According to the WSJ this morning (top of p.A1), the U.S. is pushing hard for the G20 to adopt and implement a “Framework for Sustainable and Balanced Growth,” which would amount to the U.S. saving more, China saving less, and Europe “making structural changes to boost business investment” (and presumably some homework for Japan and the oil exporters, although that is not stressed in the article).

This is pointless rhetoric, for three reasons.

  1. Such an approach has been tried before, mostly recently in the Multilateral Consultation, run by the IMF. This achieved little, as the WSJ article points out.

     
  2. This approach will always be fruitless unless and until you can put pressure on surplus countries to appreciate their exchange rates. But the IMF, with U.S. connivance, just punted on this exact point--letting China off the hook. Tell me exactly, in detail, how the administration’s proposal would change this, particularly with Mr. Geithner and Ms. Clinton so keen to be deferential to Chinese official buyers of U.S. government securities.

     
  3. Where is the evidence that this kind of “imbalance” had even a tangential effect on the build up of vulnerabilities that led to the global financial crisis of 2008-09? I understand the theoretical argument that current account imbalances could play a role in a U.S.-based/dollar crisis, but remember: interest rates were low 2002-2006 because of Alan Greenspan (who controlled short-term dollar interest rates); the international capital flows that sought out crazy investments came from Western Europe, which was not a significant net exporter of capital (i.e., a balanced current account is consistent with destabilizing gross flows of capital); and the crisis, when it came, was associated with appreciation--not depreciation--of the dollar.

The main argument for the revolving Wall Street-Washington door is that this lets an administration bring in top minds from the financial sector, with the practical experience necessary to tackle our most pressing problems. It is hard to understand the prioritization here, unless the goal is to create a smokescreen that will both postpone real policy action (”because correcting imbalances takes time”) while also covering up for the crimes and misdemeanours of the Greenspan era (”it was all about imbalances, which were out of our control”).
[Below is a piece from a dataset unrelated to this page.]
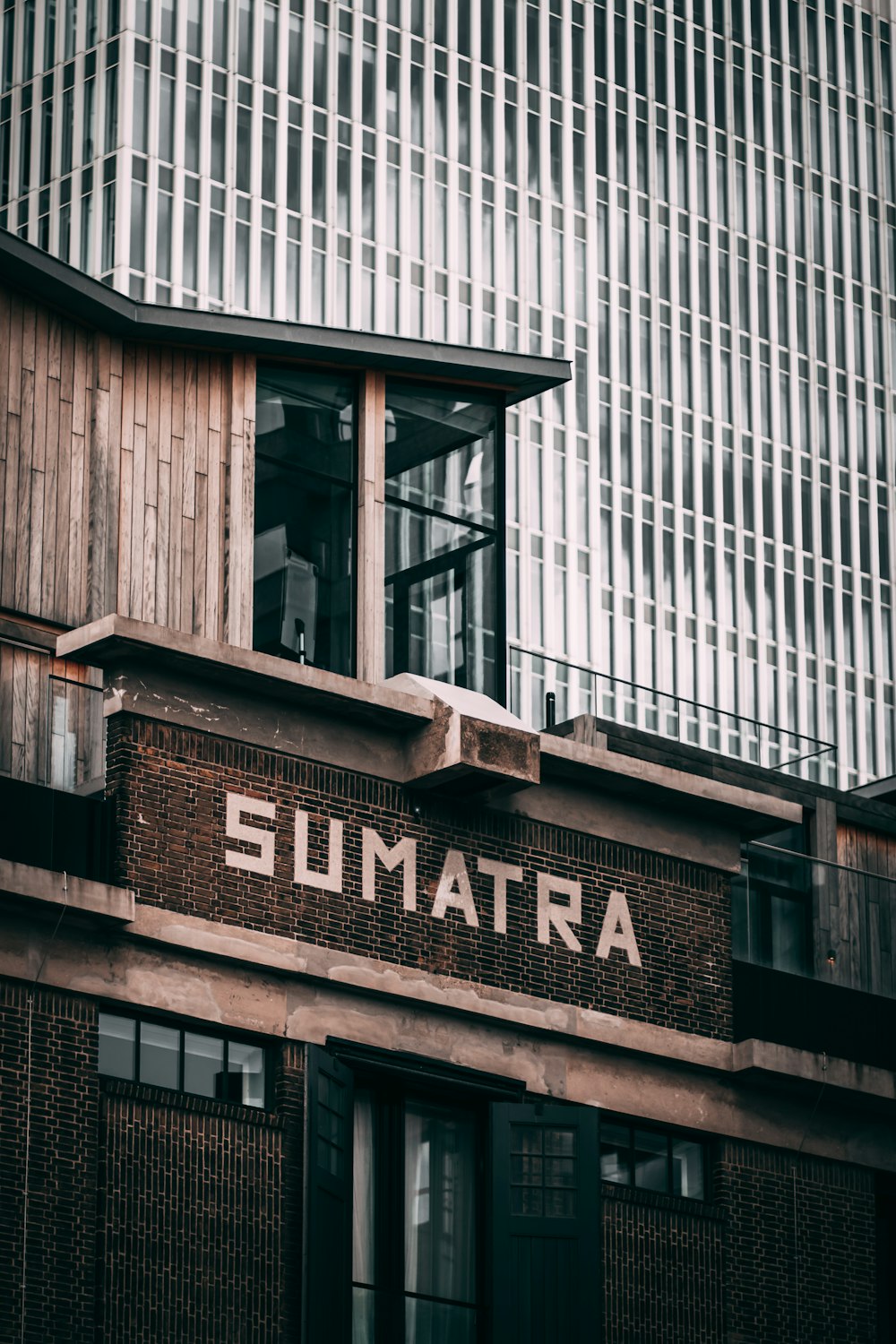 brown wooden building with glass window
Granted, big current account imbalances are not a good thing and should be on some list of problems to address. But are they really on the top ten list of pressing issues for this G20 summit, which should include: much tougher financial regulation, substantially raising capital standards,  workable cross-border rules for handling failed banks, a timetable for downsizing our biggest banks, how credit rating agencies are paid, and reforming--top to bottom--financial sector compensation?